Copy out the entire listing below exactly, but without its pictures.
────────
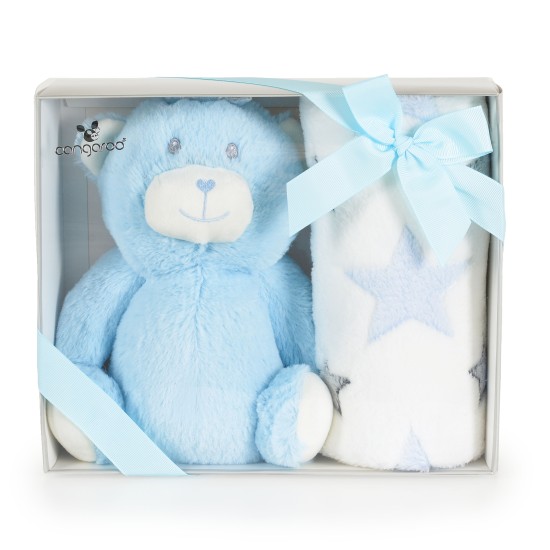 Baby blanket 90/75 cm with toy Blue bear Baby blanket 90/75 cm with toy Blue bear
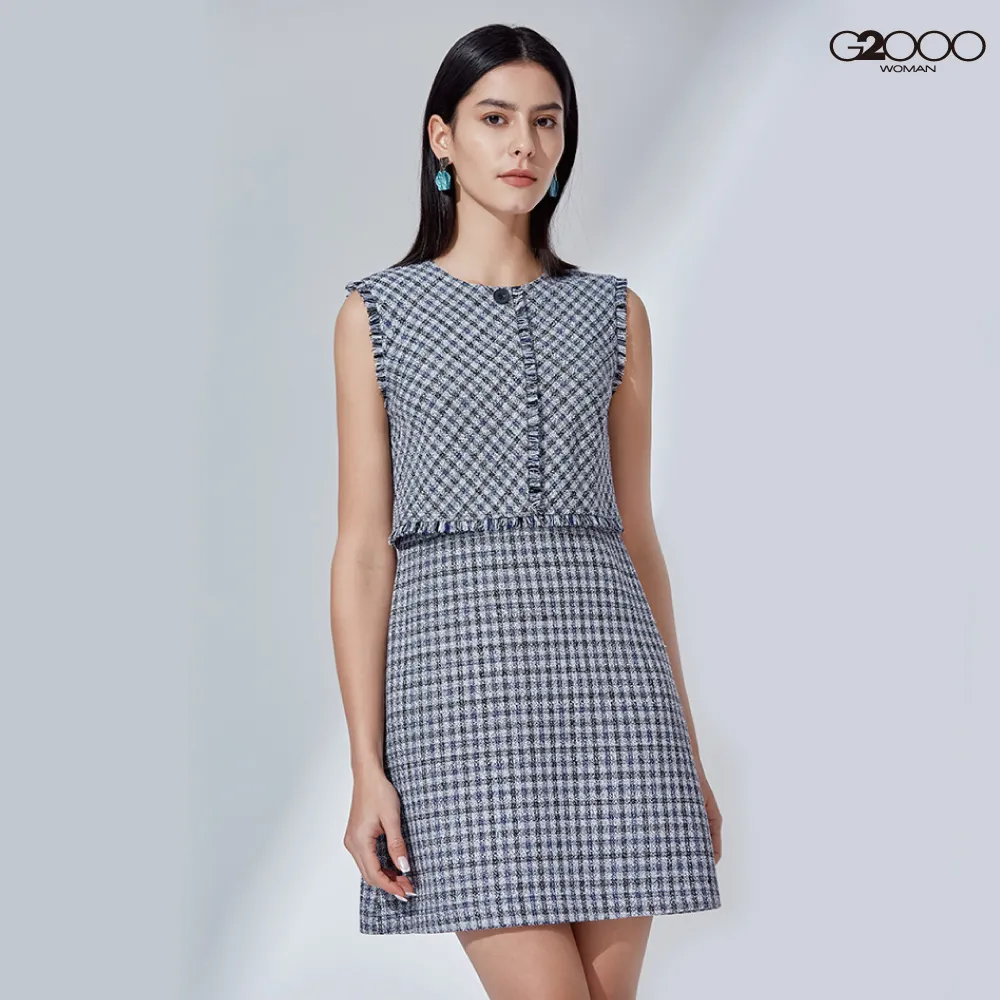 G2000時尚格紋修腰A字裙擺洋裝-黑白格 歷史價格詳細信息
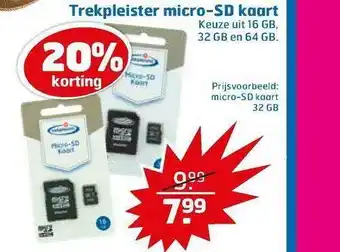 Trekpleister Trekpleister micro-sd kaart 20% Korting aanbieding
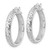 14KT Gold  White Gold Diamond Cut Hoop Earrings TE969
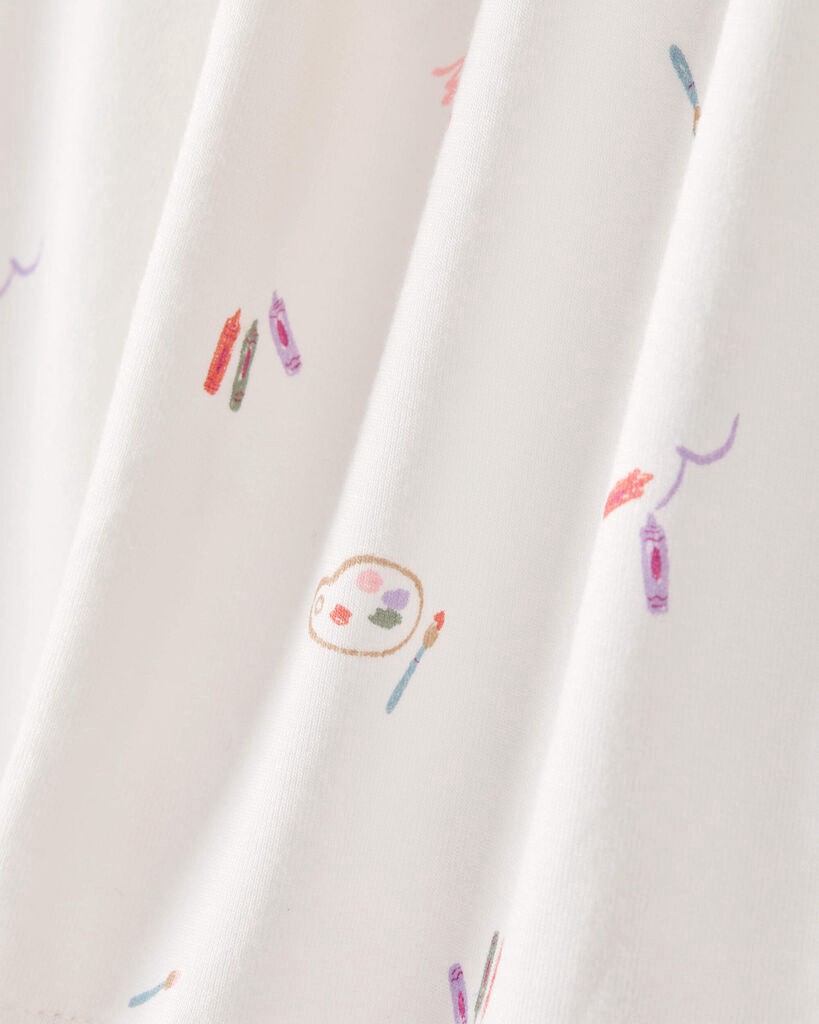 slide 3 of 3, Carter's Carters Girls Print PurelySoft Long-Sleeve 2-Piece Pajamas - Ivory Ivory 6, 2 pc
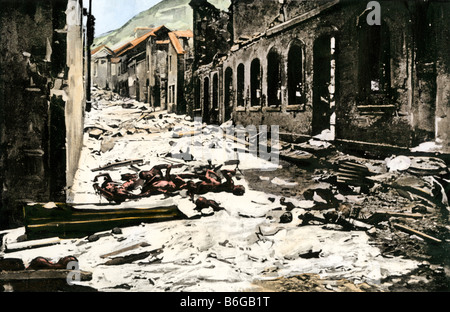 Street scene in Saint-Pierre after the eruption of Mount Pelee, Martinique, 1902. Hand-colored halftone of a photograph Stock Photo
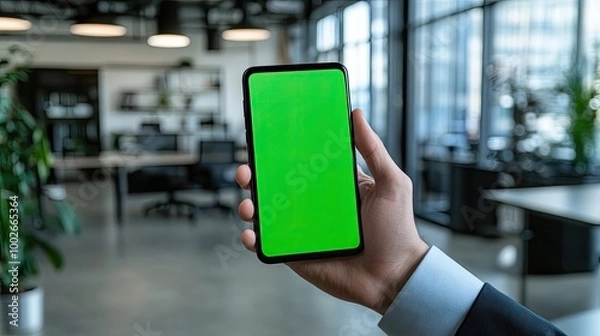 Fototapeta A businessman hand gripping a smartphone displaying a green screen mockup, perfect for video calls or app demonstrations in a contemporary office space.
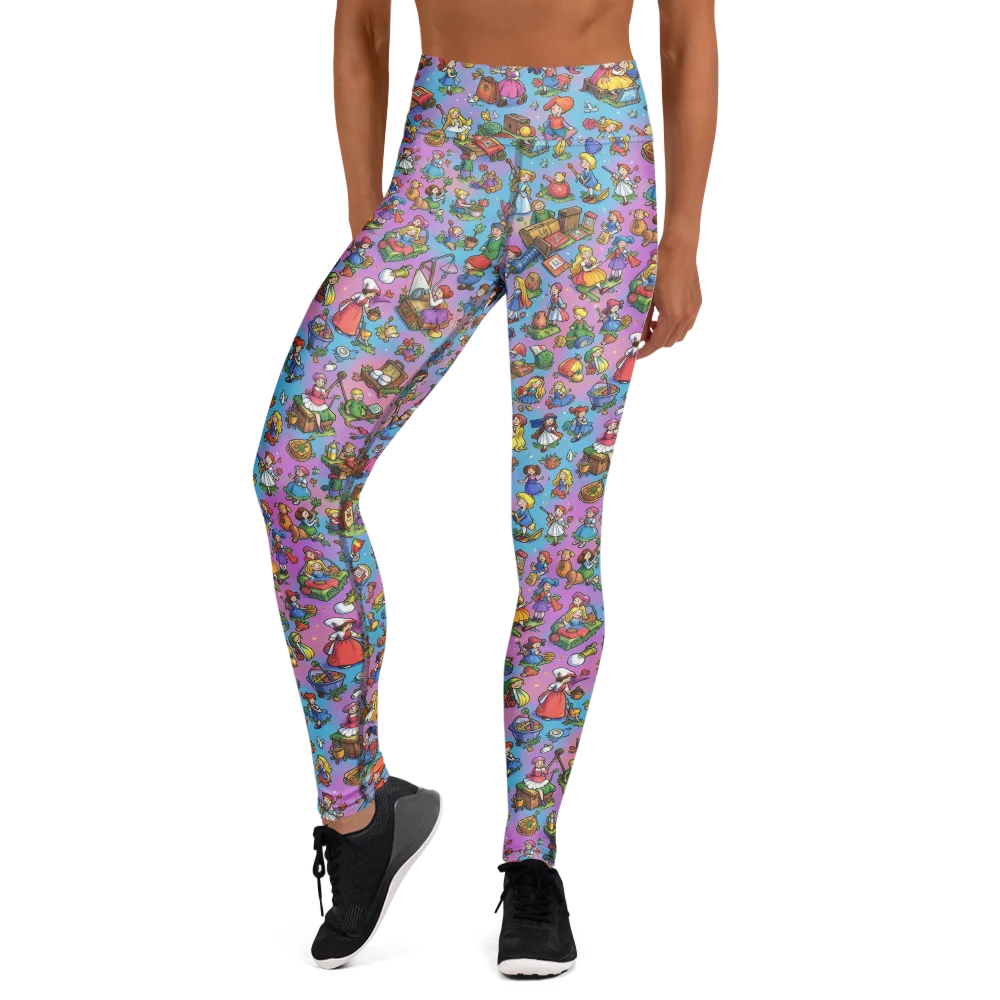 Storybook Scramble on Yoga Leggings — Front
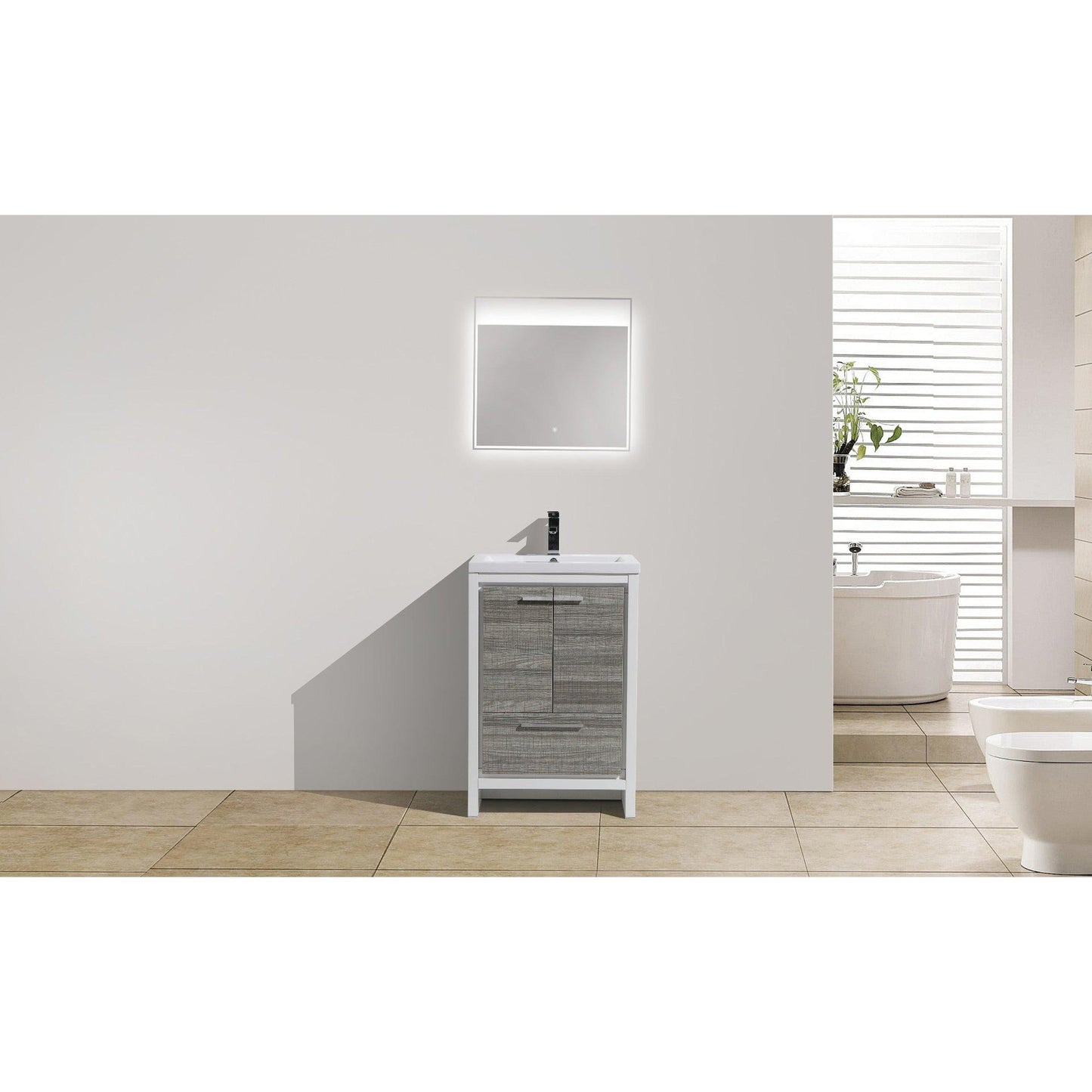 Moreno Bath Dolce 24" High Gloss Ash Gray Freestanding Vanity With Single Reinforced White Acrylic Sink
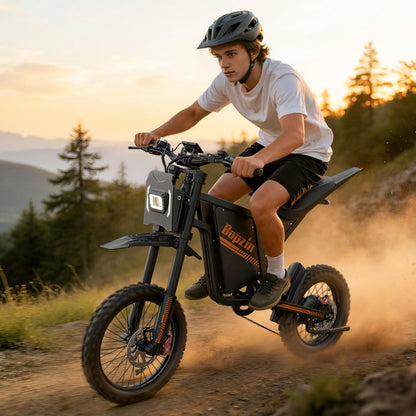 Bopzin Electric Dirt Bike for Teens & Adults - Peak 2600W 38MPH, 14"/12" Tires Agile Off-Road eMotorcycle, 60V 23AH 100+ Miles Range eBike, Full Suspension & Hydraulic Brakes, UL2849 Certified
────────
ANSWER TO THIS TASK -
 Baby blanket 90/75 cm with toy Blue bear Baby blanket 90/75 cm with toy Blue bear
 G2000時尚格紋修腰A字裙擺洋裝-黑白格 歷史價格詳細信息
 Trekpleister Trekpleister micro-sd kaart 20% Korting aanbieding
 14KT Gold  White Gold Diamond Cut Hoop Earrings TE969
 slide 3 of 3, Carter's Carters Girls Print PurelySoft Long-Sleeve 2-Piece Pajamas - Ivory Ivory 6, 2 pc
 Street scene in Saint-Pierre after the eruption of Mount Pelee, Martinique, 1902. Hand-colored halftone of a photograph Stock Photo
 Fototapeta A businessman hand gripping a smartphone displaying a green screen mockup, perfect for video calls or app demonstrations in a contemporary office space.
 Storybook Scramble on Yoga Leggings — Front
 Moreno Bath Dolce 24" High Gloss Ash Gray Freestanding Vanity With Single Reinforced White Acrylic Sink
 Bopzin Electric Dirt Bike for Teens & Adults - Peak 2600W 38MPH, 14"/12" Tires Agile Off-Road eMotorcycle, 60V 23AH 100+ Miles Range eBike, Full Suspension & Hydraulic Brakes, UL2849 Certified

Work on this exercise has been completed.